Family gathered in the living room by a decorated Christmas tree, celebrating the New Year.


As reliably as the turn of the seasons, the holidays come every year. Sometimes they are a welcome distraction, a time of family togetherness and joy. But when you've suffered the loss of a loved one, the holiday season can feel like an agonizing reminder of your grief. And when the death is recent, that pain is even more keenly felt.


Traditions and get-togethers will always feel different without your loved one there to enjoy them by your side. But the flood of grief will not be overwhelming forever, and there are some things you can do to help ease its intensity now.


1 - Stay Connected to Your Support Network

It can be tempting to "cancel" the holidays entirely or avoid participating in your normal rituals and celebrations, but that kind of self-isolation is a mistake. Grief is a burden that's made lighter when shared.


There is no pressure to be good company or force yourself to be happy and outgoing. But even if you have to cut the visit short or just sit quietly while the action happens around you, being surrounded by friends and family in a normal setting can help prevent the sense of loneliness and isolation that often accompanies grief.


2 - Be Flexible with Tradition

Although it's important not to self-isolate, it's equally important to be gentle with yourself about your expectations. If you're normally the person who hosts the big family meal, it's okay to delegate that responsibility to family members if you're not feeling up to doing everything.


Sometimes it can be helpful to make new traditions or try something new for the holiday so that you're not always comparing things to years when your loved one was there to participate. Things will never be the same without them present. But you can find new sources of joy and celebration. If your home feels too strange and lonely without your loved one, maybe this is the year you travel to visit distant relatives or take a holiday vacation instead.


3 - Honor Your Loved One's Memory

Grief and loss can feel like an elephant in the room that no one knows quite how to acknowledge. It's often helpful to create space for grief in your holiday traditions.


Share stories about your loved one and reminisce about the good times you shared. Make a point of cooking their favorite dish.

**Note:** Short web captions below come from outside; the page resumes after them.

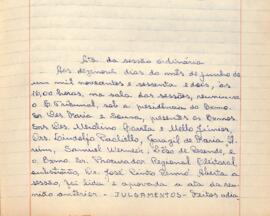 Ata da Sessão Ordinária do Tribunal Regional Eleitoral de Minas Gerais, realizada em 19/06/1962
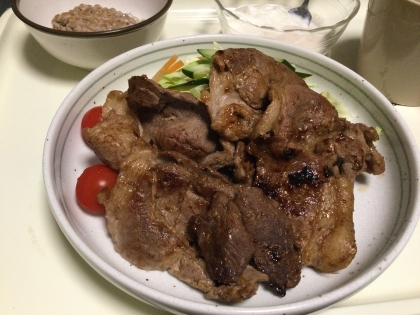 いのしし肉のしょうが焼き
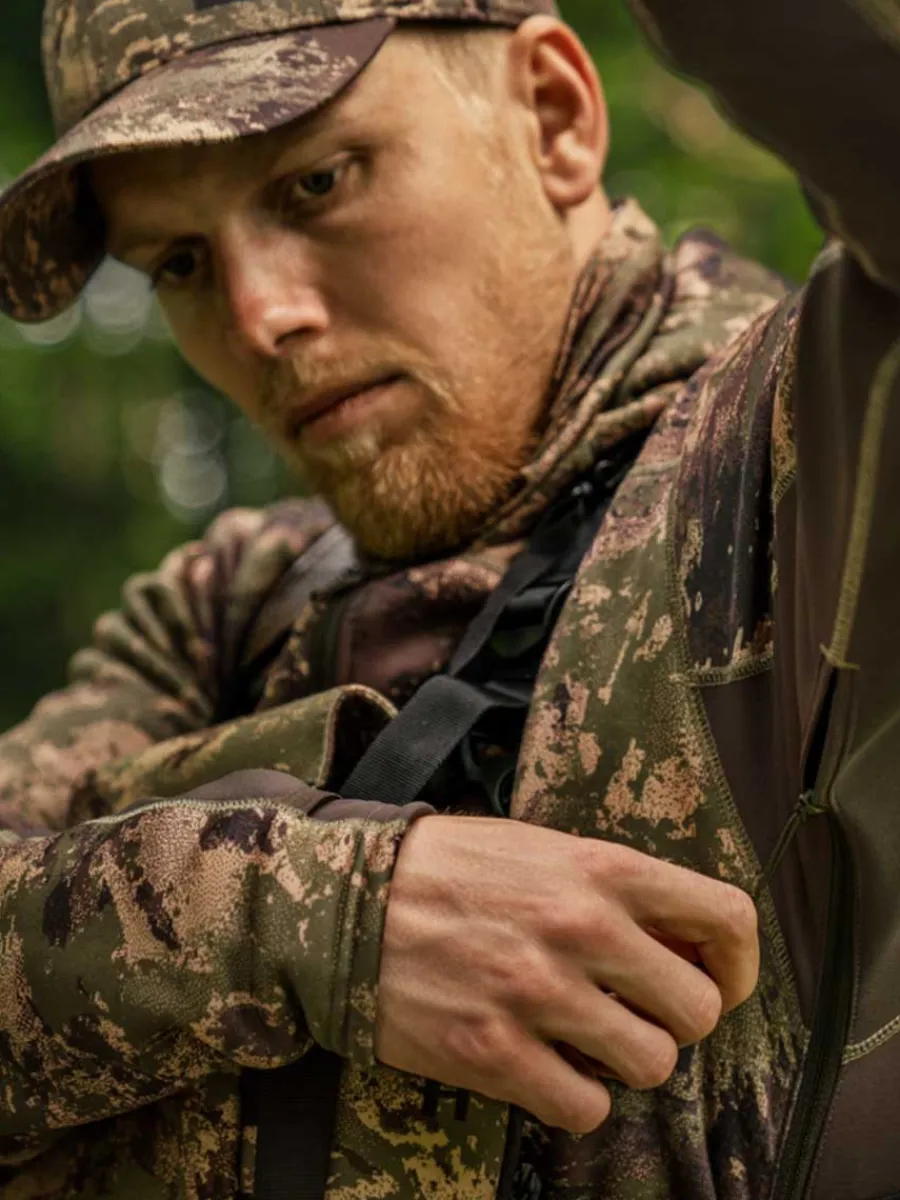 Harkila Deer Stalker Camo Fleece Hoodie - Mens - AXIS MSP Forest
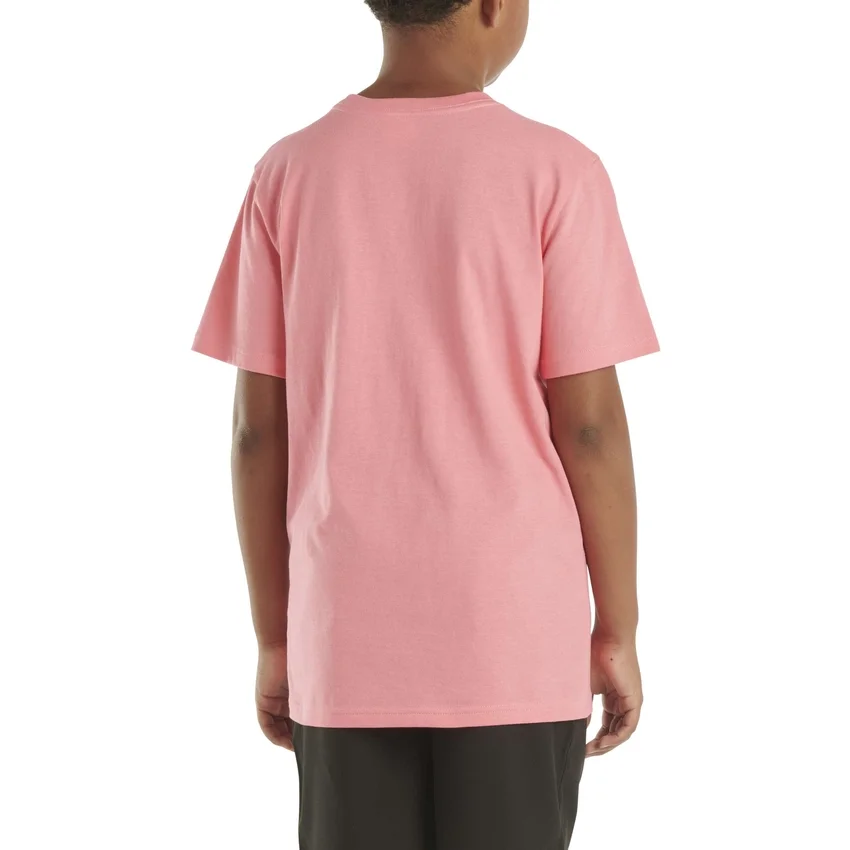 Camisas infantis de manguitos curtos com bolso (bebés/crianças/jovens)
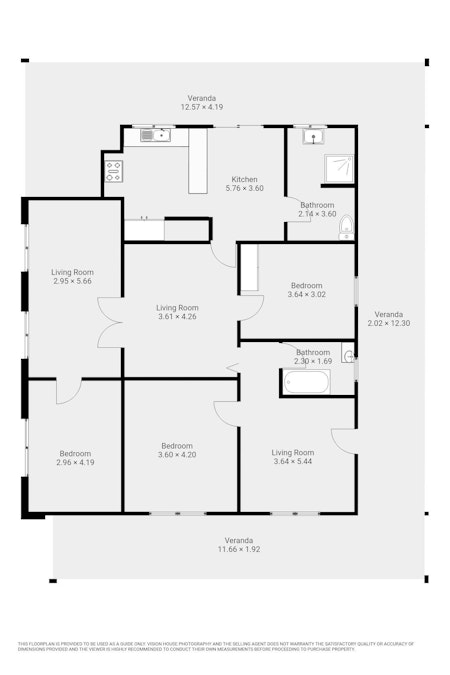 21 Farrell Street, Ouyen, VIC, 3490 - Floorplan 1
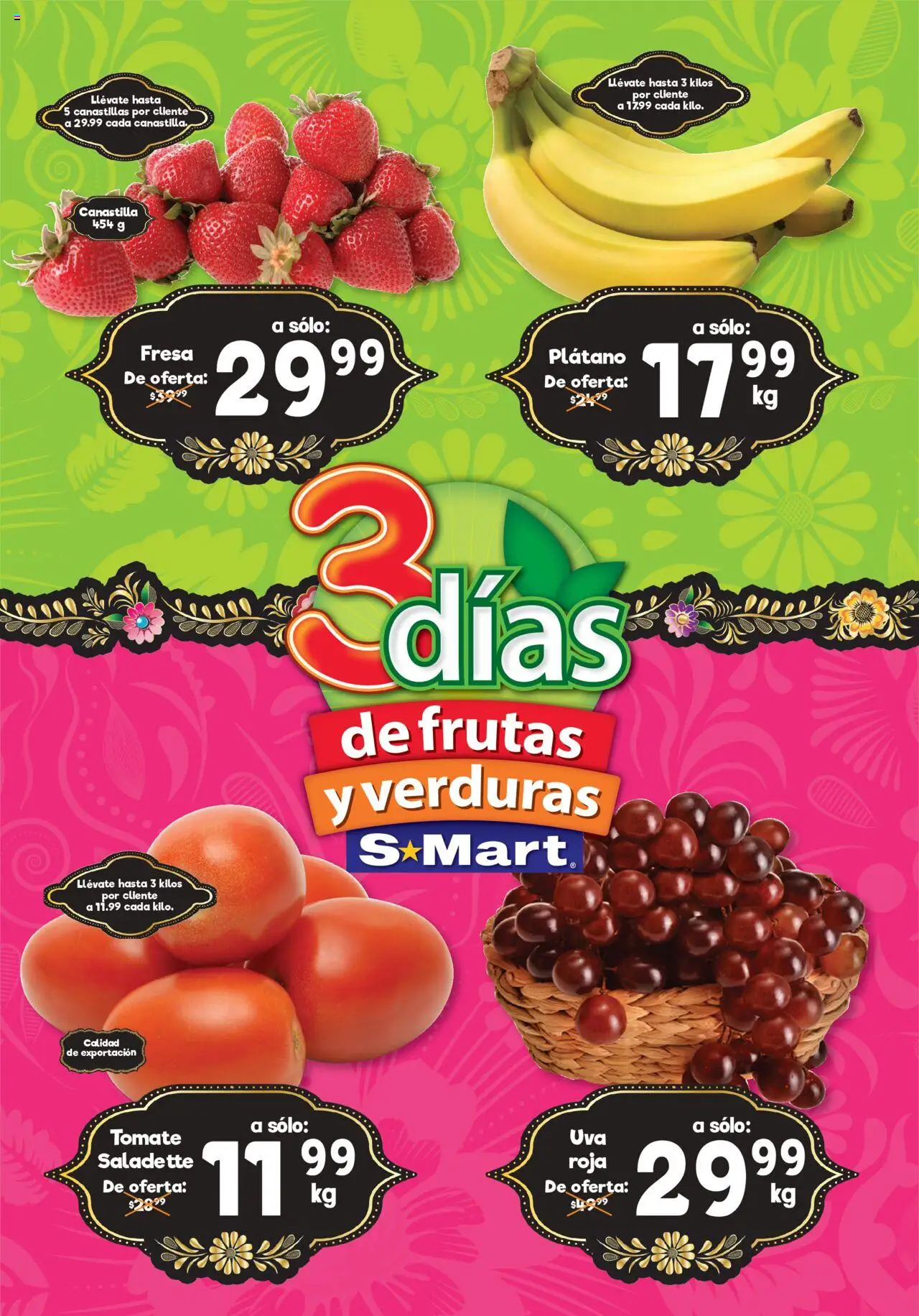 Folleto - Monterrey S-Mart y sus promociones válidas desde el 26/08/2025 - Número de página 1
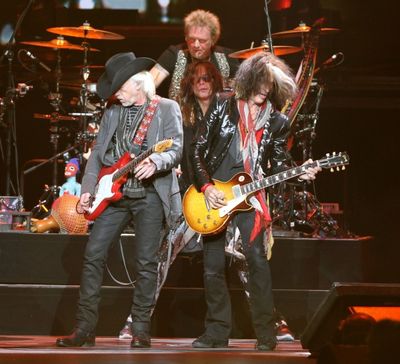Brad Whitford, Steven Tyler, Joe Perry and Joey Krame Photo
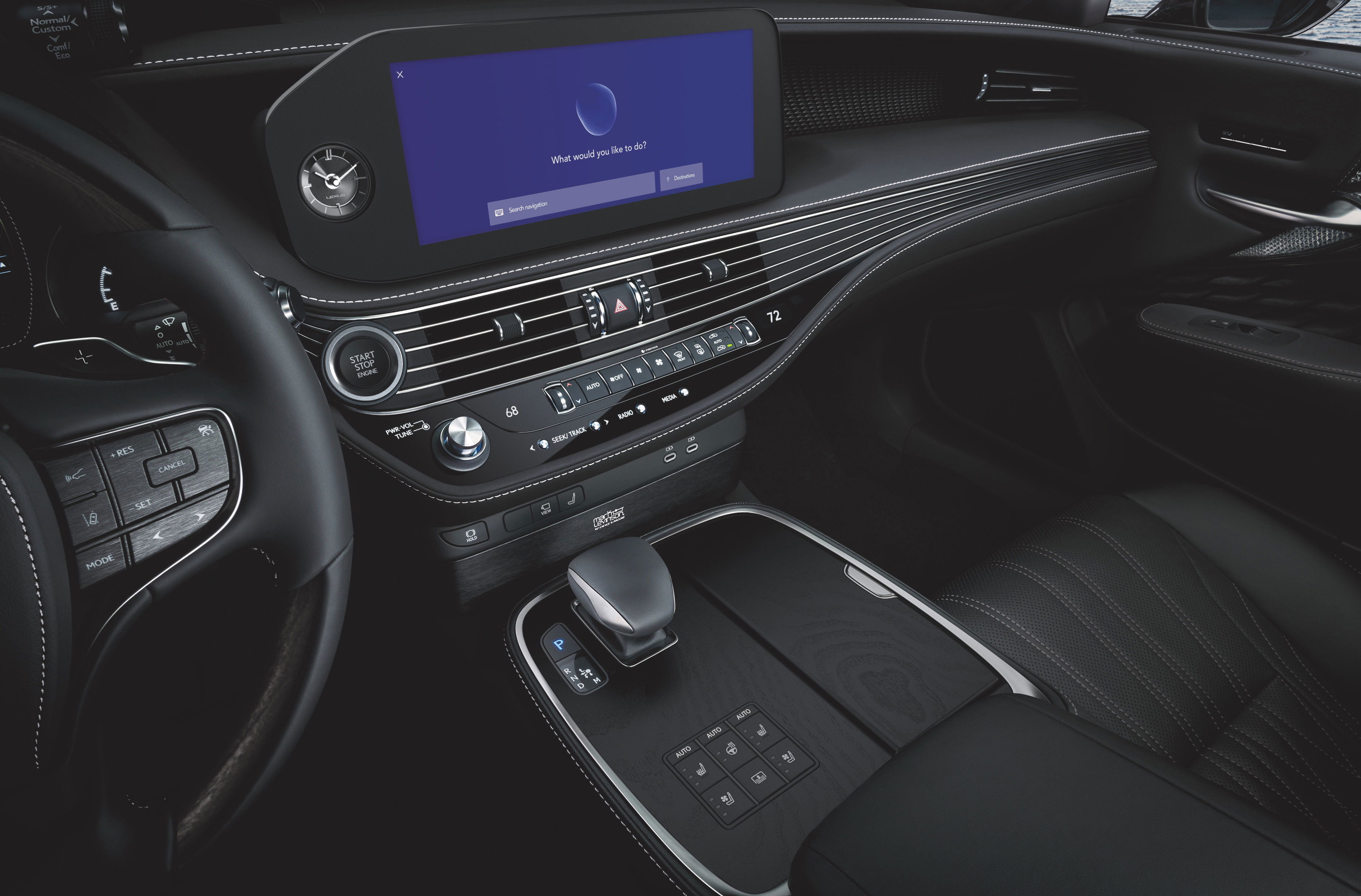2024 Lexus LS 500 infotainment and technology.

Display their favorite ornament, or turn something they loved into a decoration you can hold close, like a pillow made from an old shirt. Instead of trying to push your emotions aside, embrace them.


It's okay to cry during the holidays. It's okay to laugh during grief. Grief is complex and can be confusing and tumultuous, and there's nothing wrong with you feeling a whole range of emotions during this time.


4 - Keep Your Connection Alive

Your loved one is gone, but they are still a part of your life. If your loved one has a grave or other final resting place you can visit, bring some flowers and spend some time decorating the grave and talking to your loved one. If you feel self-conscious, you could write a letter instead and leave it at the grave site, tuck it away in the urn, or keep it in a box with other keepsakes.


This could be a good time to create a new tradition as well. Invite family to visit the grave with you or plan a winter picnic at the site where your loved one's ashes are scattered. Light a candle in your loved one's memory. Make a donation to a cause in their name. Volunteer for an organization they cared about. These intentional rituals provide an outlet and expression of your care for your loved one, transforming the pain of grief into something more positive.


5 - Get Help When You Need It

Chapman Funerals & Cremations has spent more than a century helping families lay their loved ones to rest. We also know that the funeral is only the beginning of a journey through loss.


Though the grief may ebb and flow in the months after their death, it should never consume your life. If you feel like you're drowning in sorrow or need help navigating your new circumstances, there are grief resources available to help.